TASK DETAILS:
Pictures aside, repeat the whole listing word for word.

SOURCE MATERIAL:
━━━━
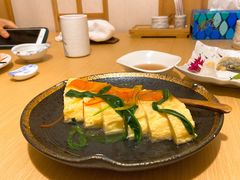 明太子鸡蛋卷-紫· 割烹  Kappo Murasaki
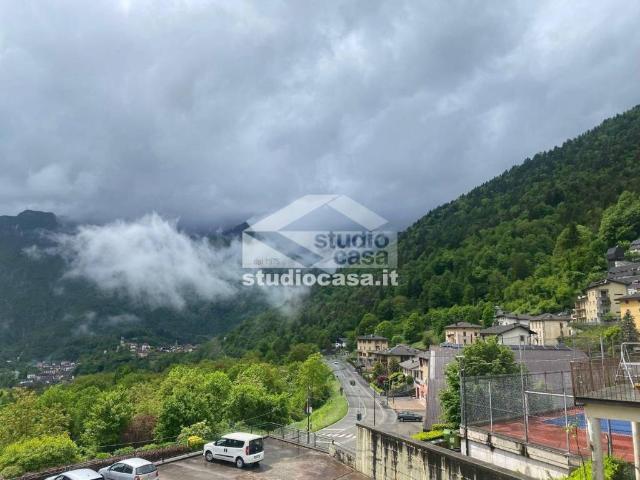 Appartamento in vendita a Zogno BG
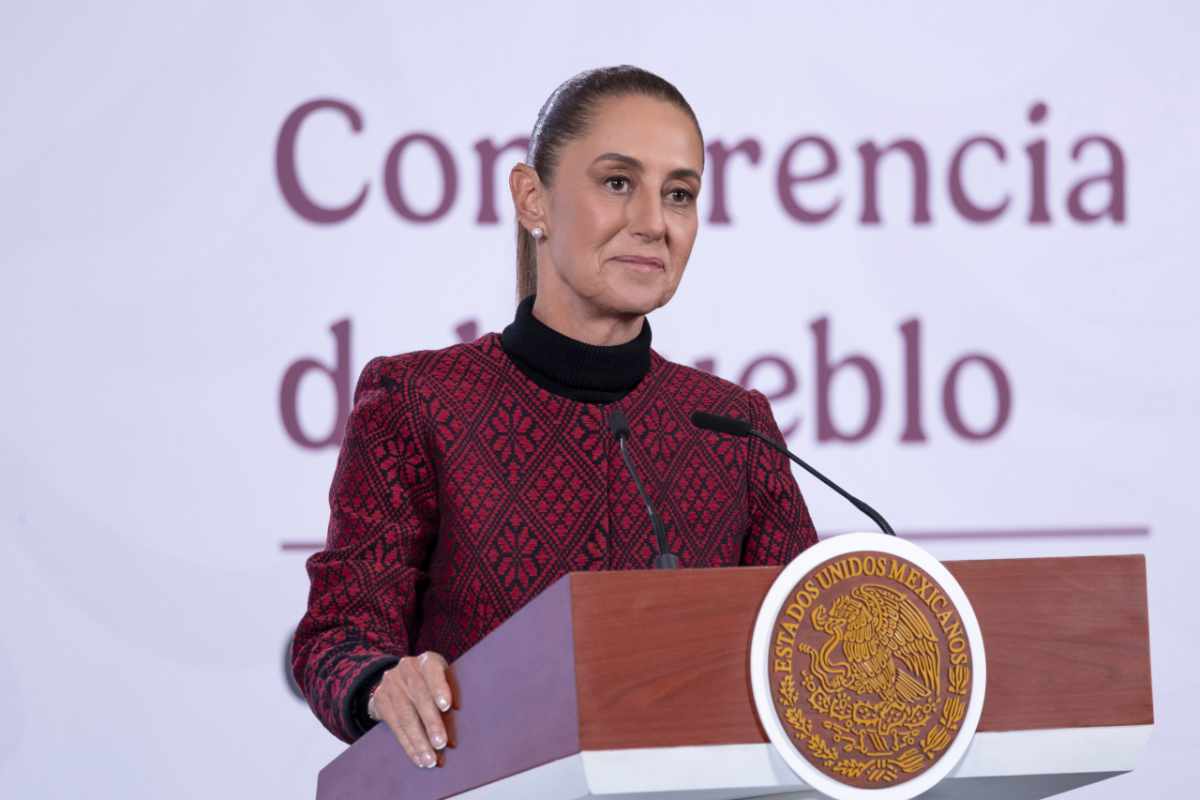 Presidenta destaca incremento de cirugías y consultas de especialidad en IMSS, IMSS Bienestar e Issste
━━━━
OUTPUT:
 明太子鸡蛋卷-紫· 割烹  Kappo Murasaki
 Appartamento in vendita a Zogno BG
 Presidenta destaca incremento de cirugías y consultas de especialidad en IMSS, IMSS Bienestar e Issste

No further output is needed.